Representation Issues in IR Systems

LIS 4/5523: Online Information Retrieval

Dr. Manika Lamba

Introduction

Recap

  • In Part 1, we looked at information systems and database structures. We also addressed representation and indexing from the data modeling and technical side

  • In this lecture, Part 2, we are going to look at representation and indexing from the human/creator and retrieval side

    • Indexing as process and effects related to human indexing
    • Effects of indexing decisions on retrieval

Information Retrieval

  • The central problem of IR is how to represent documents for retrieval
  • To be more successful, document representation must be used in ways similar to the ways ordinary language is used
    • document representations should take context into account
    • document representations should take users into account

In Library IR Systems

  • Descriptive Data
    • We use MARC records and MARC record encoding standard to hold the bibliographic indexing of the objects
    • We use RDA (Resource Description and Access) content standard
  • Subject Representation
    • We use 6XX fields in the MARC record structure
    • We use subject headings list, thesauri (controlled vocabularies) to construct subject indexing
    • We use classification systems (eg.
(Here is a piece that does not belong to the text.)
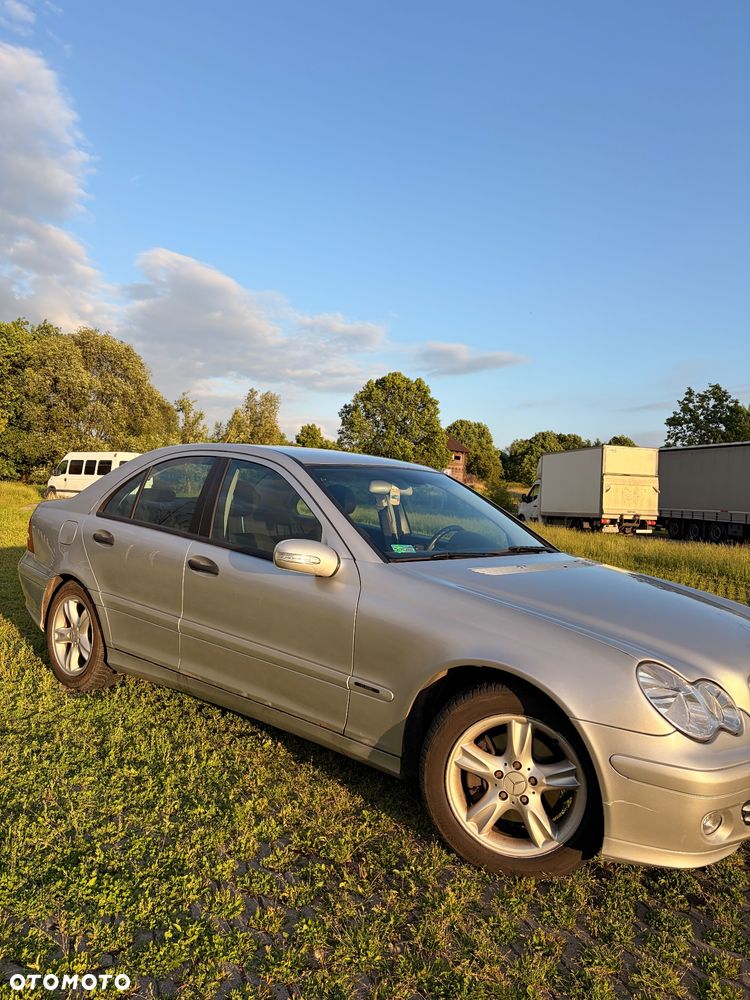 Mercedes-Benz Klasa C 200 CDI Classic - 3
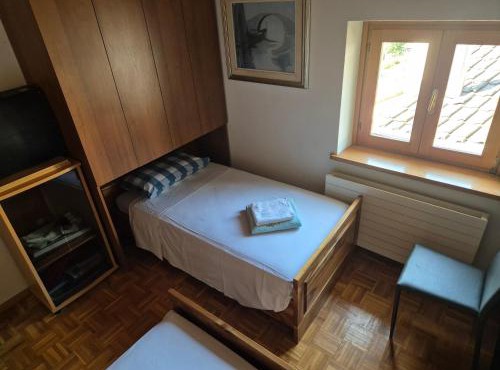 Ara Gesa Old Cottage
Library of Congress Classification, Dewey Decimal Classification) to assign classification codes

Other IR Systems

  • Digital libraries/institutional repositories
    • Use metadata schemes like Dublin Core, Darwin Core, MODS, METS, etc
  • Online databases
    • Follow ANSI/NISO standards for field structures in databases
    • Follow ANSI/NISO standards for content standards–related to controlled vocabulary use in databases
  • Web??

Representation

Definition

A system for choosing or highlighting some characteristics (attributes), together with a specification of the rules for selection (code)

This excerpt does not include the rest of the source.